CMU Pocketsphinx is an open source speech recognition toolkit that provides tools for speech recognition and acoustic modeling. It is designed for low-resource platforms, which may help developers building applications for mobile devices or server environments.
This toolkit is intended for software companies and developers who need to implement speech-to-text functionality. It supports multiple languages—including US English, UK English, French, Mandarin, German, Dutch, and Russian—and supports the building of custom models for other languages.
Beyond basic recognition, the toolkit includes tools for keyword spotting and pronunciation evaluation. Because it is released under a BSD-like license, it may be used in commercial products, and commercial support is available.
Buyers and developers should confirm they have the technical expertise to manage acoustic and language models, as the toolkit requires these to function and does not include built-in format converters for encoded audio files.
A speech recognition engine designed for operation on low-resource platforms.
Tools for acoustic modeling that support training the system for specific speech patterns.
A mode used to search for and detect specific keyphrases in a continuous speech stream.

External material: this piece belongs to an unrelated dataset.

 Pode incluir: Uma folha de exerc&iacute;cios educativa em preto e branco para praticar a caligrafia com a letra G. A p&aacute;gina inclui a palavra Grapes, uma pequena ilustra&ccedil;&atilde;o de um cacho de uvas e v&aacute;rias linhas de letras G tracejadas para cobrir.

Supports several prebuilt languages and supports the creation of models for additional languages.
Tools designed to evaluate the accuracy of spoken words.
Features that support the alignment of audio data with text.

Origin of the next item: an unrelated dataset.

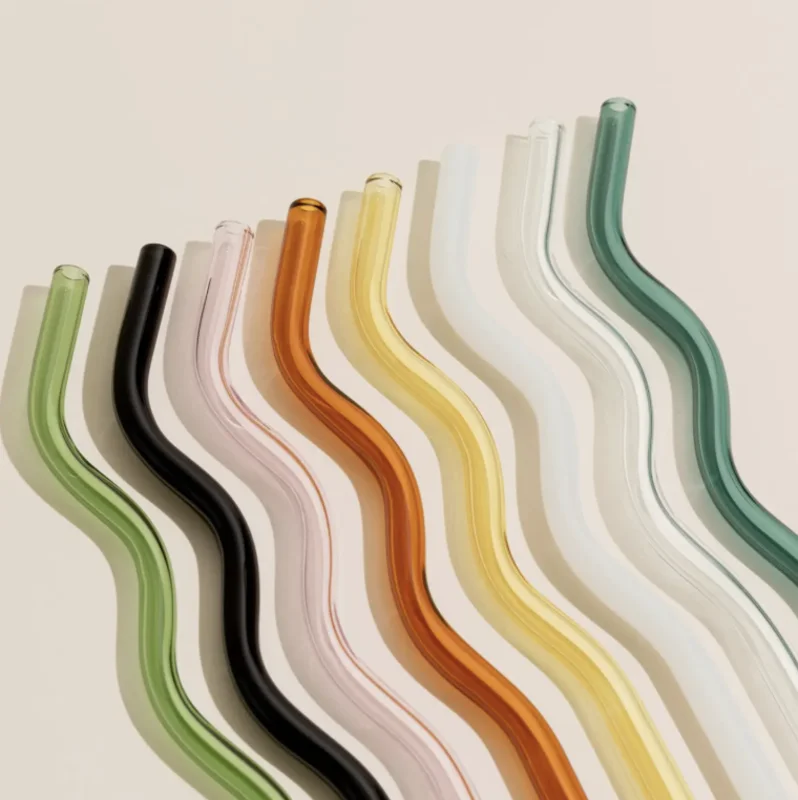 Wavy Glass Straws Green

Implementing speech recognition on Android or iOS devices where system resources are limited.
Using keyword spotting to trigger specific application actions when a keyphrase is detected.

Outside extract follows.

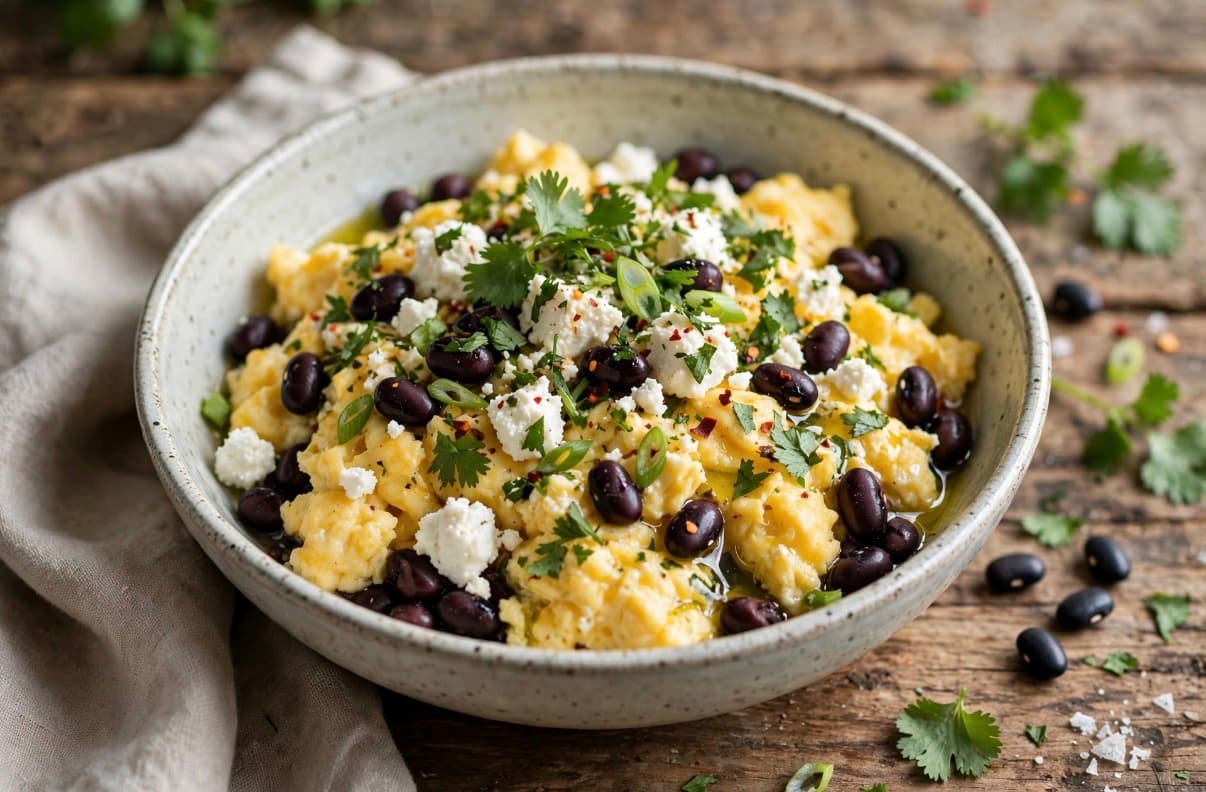 Scrambled Eggs with Black Bean Feta Cheese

Deploying speech recognition on Unix or Windows servers for batch or live processing.
Building acoustic and language models for specialized domains or other languages.
Pricing was not clearly available from the provided evidence. Buyers should confirm current pricing on the vendor website.
It runs on Unix, Windows, iOS, Android, and various hardware platforms.
Yes, it is released under a BSD-like license that permits commercial distribution.
Yes, it provides prebuilt models for French, Mandarin, German, Dutch, and Russian, and supports the building of models for other languages.
No, the decoders do not include format converters. Audio must be converted to PCM format (typically 16khz 16bit little-endian mono) using tools like ffmpeg before processing.
Source category: Software Development
Source subcategory: Machine Learning Framework
CMU Pocketsphinx is an open source speech recognition toolkit for software developers. It supports mobile and server workflows including keyword spotting and acoustic modeling. Buyers should note that the tool requires external libraries for audio format conversion and technical expertise for model training.